Thursday, August 9, 2012

SEC SETTLES FCPA CHARGES AGAINST PFIZER INC. AND WYETH LLC

FROM: U.S. SECURITIES AND EXCHANGE COMMISSION
The Securities and Exchange Commission today filed a settled enforcement action in the U.S. District Court for the District of Columbia against Pfizer Inc. for violating the Foreign Corrupt Practices Act (FCPA) when its subsidiaries bribed doctors and other health care professionals employed by foreign governments in order to win business.

The SEC alleges that employees and agents of Pfizer’s subsidiaries in Bulgaria, China, Croatia, Czech Republic, Italy, Kazakhstan, Russia, and Serbia made improper payments to foreign officials to obtain regulatory and formulary approvals, sales, and increased prescriptions for the company’s pharmaceutical products.
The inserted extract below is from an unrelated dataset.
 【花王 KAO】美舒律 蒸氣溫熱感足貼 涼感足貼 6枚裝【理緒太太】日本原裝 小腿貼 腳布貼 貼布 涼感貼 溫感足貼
They tried to conceal the bribery by improperly recording the transactions in accounting records as legitimate expenses for promotional activities, marketing, training, travel and entertainment, clinical trials, freight, conferences, and advertising.

The SEC filed a separate settled enforcement action in the U.S. District Court for the District of Columbia against another pharmaceutical company that Pfizer acquired a few years ago – Wyeth LLC – for its own FCPA violations. Pfizer and Wyeth agreed to separate settlements in which they will pay approximately $45 million combined in disgorgement and prejudgment interest to the SEC to settle their respective charges. In a related action, Pfizer H.C.P. Corporation, an indirect wholly owned subsidiary of Pfizer, will pay a $15 million penalty to settle FCPA charges brought against it today by the U.S. Department of Justice (DOJ) under a deferred prosecution agreement.

The SEC’s complaint against Pfizer alleges that Pfizer’s misconduct dates back as far as 2001. According to the SEC’s complaint, employees of Pfizer’s subsidiaries authorized and made cash payments and provided other incentives to bribe government doctors to utilize Pfizer products. In China, for example, the SEC’s complaint alleges that Pfizer employees invited "high-prescribing doctors" in the Chinese government to club-like meetings that included extensive recreational and entertainment activities to reward doctors’ past product sales or prescriptions. In addition, according to the SEC’s complaint, Pfizer employees in Croatia created a "bonus program" for Croatian doctors who were employed in senior positions in Croatian government health care institutions. According to the SEC’s complaint, once a doctor agreed to use Pfizer products, a percentage of the value purchased by a doctor’s institution would be funneled back to the doctor in the form of cash, international travel, or free products.

According to the SEC’s complaint, Pfizer made an initial voluntary disclosure of misconduct by its subsidiaries to the SEC and Department of Justice in October 2004, and fully cooperated with SEC investigators. The complaint alleges that Pfizer took such extensive remedial actions as undertaking a comprehensive worldwide review of its compliance program.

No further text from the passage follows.